Project Team Primary Investigator and project manager: Natalie Berkman Technical lead: Clifford Wulfman Resources needed and budget Tinderbox License — already purchased ($249) Risks Time constraints and difficulties learning Python, as well as copyright restrictions that would prevent me from publishing any of these open source.

   

Part 2 Annex 1 (Set Theory) I will create a simple tool that allows the reader to experiment with basic set-theoretic operations on texts: intersections, unions, subsets; additions, subtractions, Cartesian products, set differences, etc. based on various aspects of the text's word set (grammatical, etc.). I will collect or create machine-readable transcriptions of several 17th-century French dramatic texts (Racine, Corneille; titles to be determined), and several plays of Shakespeare and Ben Jonson as English analogues (titles to be determined). I will create a set of simple Python programs that perform set-theoretic operations on texts. These programs are specifically set theoretical; for example, word frequency, a commonly used metric in digital text analysis, will not be included in the set of operations. These simple programs will be bundled as a Python module with a driver program that lets the user choose the texts and the operations.

Annex 2 (Algebra: S+7) I will write a Python module that implements Jean Lescure's S+7 algorithm, taking as input a text, one or more dictionaries, the syntactic category to operate upon (S or V) and the distance (7 by d efault) and emitting a text with the appropriate substitutions performed.
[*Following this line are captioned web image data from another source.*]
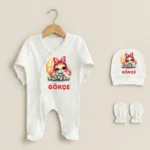 Üçlü Tulum Set Sevimli Tavşancık Baskılı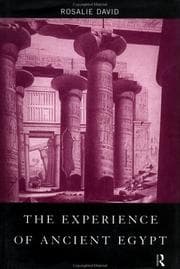 Tapa de The Experience of Ancient Egypt (Experience of Archaeology)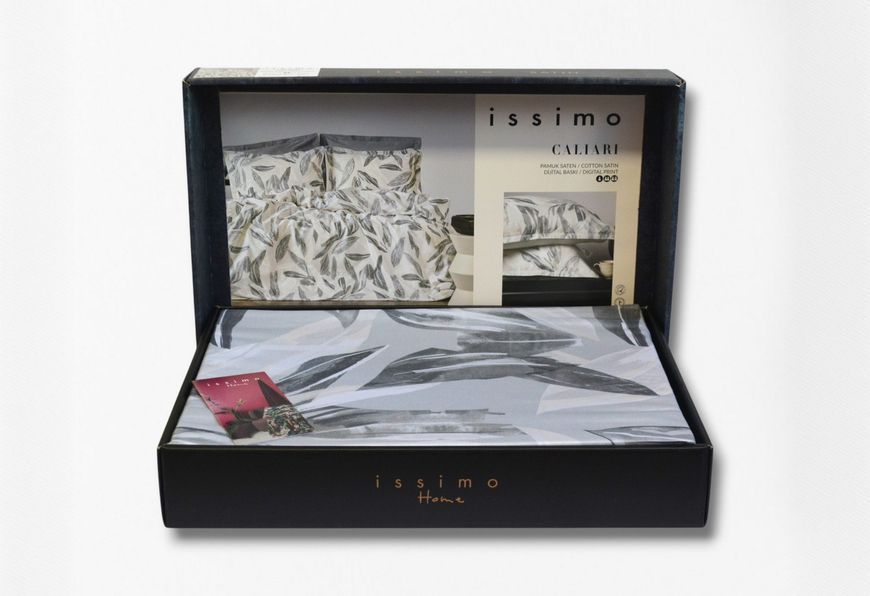 Комплект постільної білизни Issimo Digital Satin Caliari євро 41214-К фото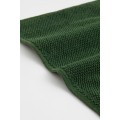 H&M Home Хлопковый коврик для ванной, Темно-зеленый, 60x130 1022532011 1022532011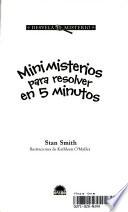 libro Minimisterios Para Resolver En 5 Minutos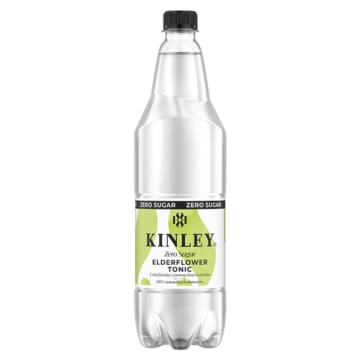 KINLEY Napój gazowany o smaku Elderflower Zero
Then I will allow the reader to implement a more generalized S + n or S – n procedure, which would also allow the user to perform S – 7 on an Oulipian S + 7 text, seeing if the Oulipian potentially cheated.

Annex 3 (Permutation) I will produce a tool that lets the user manipulate Cent mille milliards de poems, permuting the verses in the ways Queneau intended and in other ways, and that visualizes the combinatorial potential of the poem. I will write a Python module that encodes Queneau's 10 original sonnets, plus a series of small programs: • • •

A program that takes a generalized verse number, Vn (1 ≤ n ≤ 14) and replaces it with the corresponding verse in any of the other 10 poems; A program that, given a certain verse or certain rhyme, calculate the probability of that verse or rhyme showing up in a poem; A program that, given a set of constraints, calculates the number of poems that could be generated.

Annex 4 (Algorithmic Fiction) This is the most ambitious of the annexes, programmatically. I will create a tool that lets the user experiment with algorithmic fiction: creating paths; viewing options; constructing graphs. • • •

I will develop a schema that allows me to encode texts as graphs or state machines; I will encode Un conte a votre façon in this schema; I will write a program that displays the text graph and gives feedback on the paths: the number of possible paths at any point; the number of paths that are/are not legitimate stories.

Annex 5 (Geometry) I will develop an interactive, hypertext-based model of Italo Calvino's Invisible Cities. Using this model, the reader should be able to use a visual, parallel network graph of the chapters and interact with it. This proves to be an excellent tool for note-taking, especially for such an enigmatic and chaotic text. Additionally, for an author as well-read as Calvino, such a tool can be used to organize information relative to his varied and multiple sources which he possibly had in mind during the composition of the novel. This annex will be developed using Tinderbox, a commercial program for creating and visualizing hypertexts.